Did I mention that when I cook, I cook a lot?  Alice and I love to cook and bake.  She only has 2 adults in her household, and I have 2 adults plus 1 1/2 children.  But we both somehow end up cooking enough food to feed an army...not just one time...or two time...but ALL.THE.TIME.  It's ridiculous.  You would think we learned from our mistakes, but nope.  We're just two crazy people who love to cook.  Her husband doesn't really like to eat leftovers. My husband doesn't mind leftovers, but would prefer beer.  I end up eating it for breakfast, lunch, and dinner.  Sometimes, I drop some food off for my parents and youngest brother Phillip.  Sometimes I invite them over.  Sometimes Alice and Soto comes over.  Sometimes I go to their house to eat.  And on rare occasion, the leftovers go into the trash.  :(

Ok, so that was my blurb about cooking too much all the time.  Back to my muffins...Today, I made some with breakfast sausage & cheese and some with chicken, cheese, & chives.  Some of the muffins even have a small piece of regular sausage in it.  I don't remember which one, but it'll be a suprise when I bite into it!  :)  I used the Pillsbury Grands! Flaky Layers-Original 8-ct. (16.5 oz. cans).  It has to be flaky layers or else you can't split them.  I took each biscuit and split them into 3 more layers (giving me 24 pieces of biscuit).  That was enough to fill 24 regular muffin cups.  I wasn't kidding when I said I always make a lot.  I'll be giving some away, eating some for breakfast this week, and maybe freezing some?  We'll see.

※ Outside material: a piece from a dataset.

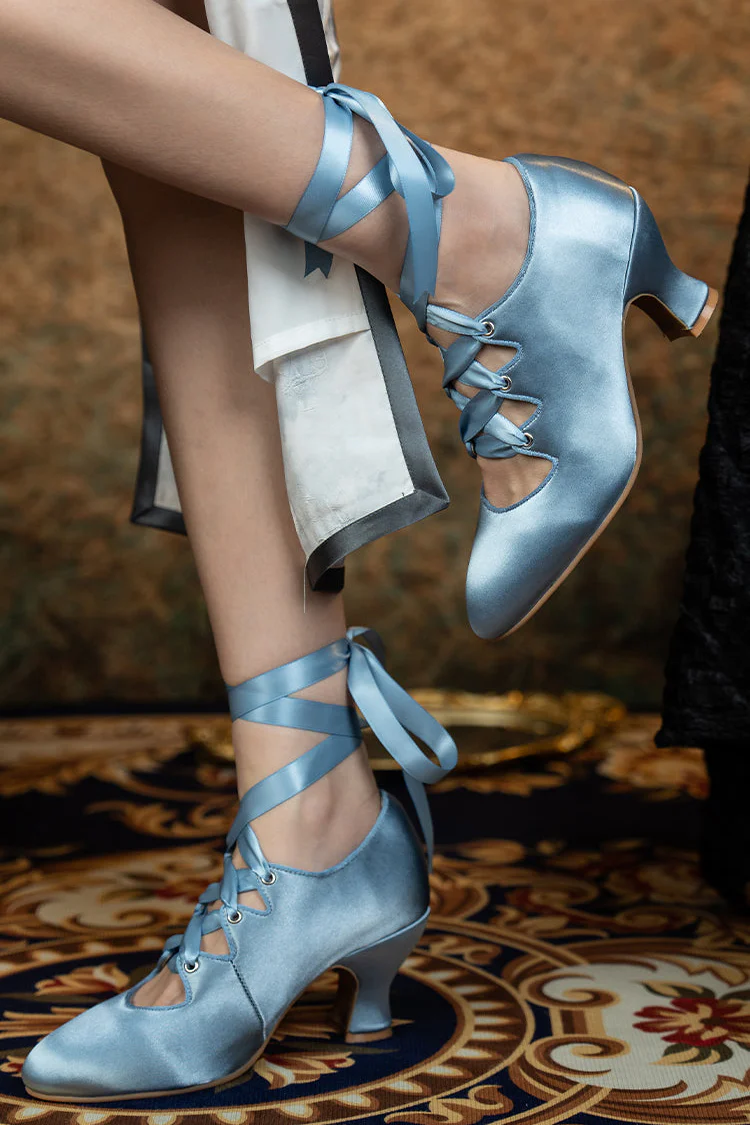 Si Wu 丝舞 Dancing Silk 1910s Genuine Leather Wine Glass Heel Lace Up Shoes - Image 12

This recipe is easy to make.  It just takes time.  After splitting the layers, stretch out each piece and put them into the pre-sprayed muffin cups to create a biscuit cup.  Fill it with shredded cheese, your meat preference, more cheese, and the egg mixture.  Don't fill the muffin cups too much with the egg mixture or it'll overflow (since the egg puffs up and expands).  When you're finished filling, bake it until it is golden brown and enjoy warm.  You see my pretty biscuit muffins below?  YUM!

24 biscuit muffins

You could try stuffing the muffins with chopped ham or turkey.  Or you could make it vegetarian using cooked spinach, broccoli, zucchini, or whatever ingredients your heart desires.  I think I will try ham and spinach or ham and mushrooms next time.  This is very similar to the quiche I make.  But instead of using canned biscuits for the shell, I buy the pre-made flaky shells found in the frozen section.  I'll save that for another day!
  




Sausage and Cheese Biscuit Muffins
Sausage and Cheese Biscuit Muffins
(Adapted from Cooking with my Kids)

Makes 24 regular muffins

Ingredients:

  • 1 can Pillsbury Grands! Flaky Layers-Original 10 ct. (16.5 oz)
  • 8 eggs
  • 8 tbsp. milk
  • 1 tsp. garlic powder
  • 1 tsp. Italian seasoning
  • salt & pepper
  • shredded cheese
Directions:
  1. Cook the sausages and drain (or veg). (You could precook the night before and store it in the fridge).
  2. Preheat the oven to 400 and spray muffin pans with cooking spray.
  3. Whisk the eggs, milk, garlic powder, Italian seasoning, salt & pepper together and set aside.
  4. Split each biscuit into 3 layers (to make 24). 
  5. Stretch out each piece to cover the muffin cups.  Gently push it down and around the sides.
  6. Sprinkle the muffin cups with a tiny bit of shredded cheese.
  7. Then fill the muffin cups with the cooked meat (or veg).
  8. Top with more shredded cheese.
  9. Scoop the egg mixture evenly into all of the muffin cups.  Don't overfill the cups. (I start off with 1 tbsp. per cups until all are filled.  Then I go back and add a little more until my eggs are gone).
  10. Bake for 12-15 minutes until the biscuits are golden brown and the eggs are set.  Enjoy warm!


Just for Laughs:
Me:  (Taking my Canon out to take this picture.)  "What?!  This is my new hobby."
Hubby:  "Oooo.  I'm a blogger now.  I'm taking pictures." (in a moking tone)
Me:  "Very funny."

1 comment:

  1. LMAO at your "funny". Spinach and mushroom breakfast muffin?? Brilliant!